I'm going ahead and opening a Close Brothers S&S ISA (looked OK in Snowman's table and in the ISA table he linked to for my situation). I've selected the following to deposit £150 monthly:
City of London Investment Trust (50%)
HSBC FTSE All Share (C) (50%)

In setting up the account, it asks about what would I like to happen to the income from my investments. My initial reaction was to select 'reinvest' but then the following text appears:
Note: from April 2014, income generated for bundled funds (commission-paying) cannot be re-invested and will be paid into your product cash account. Please choose clean funds (commission – free) if you would like all income to be re-invested. Dividends or other distributions from exchange traded investments (e.g. shares) will only be re-invested if they amount to £100 or more. This is to avoid you incurring unnecessary dealing charges. Any amount that is not re-invested will be held as cash within this product account.
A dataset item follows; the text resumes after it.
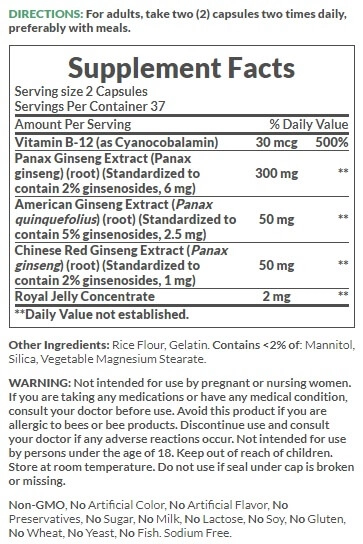 Ginseng Complex, 75 cápsulas, Nature's Bounty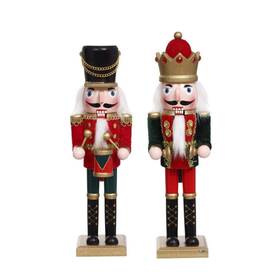 74-04206 Mark Roberts 2020 Velveted Musician Nutcracker Assortment Of 2 10 Inch Christmas Decor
And to be honest, I don't know if a) it applies to my situation and b) maybe I sould select one of the other options, namely:
Pay to my product cash account
(I don't know what this is!)
Pay to my Close cash account (not applicable)
Pay away to my nominated bank account
Any guidance appreciated, thanks!

Comments

  • bigadaj
    bigadaj Posts: 11,531 Forumite
    Ninth Anniversary 10,000 Posts Name Dropper
    You'll probably want income to be reinvested so choose this option, my understanding is that all new purchases will be unbundled and commission free. In which case you will probably get a separate charge on the account which you'll have to pay by keeping a small amount of cash or paying as the fee becomes due.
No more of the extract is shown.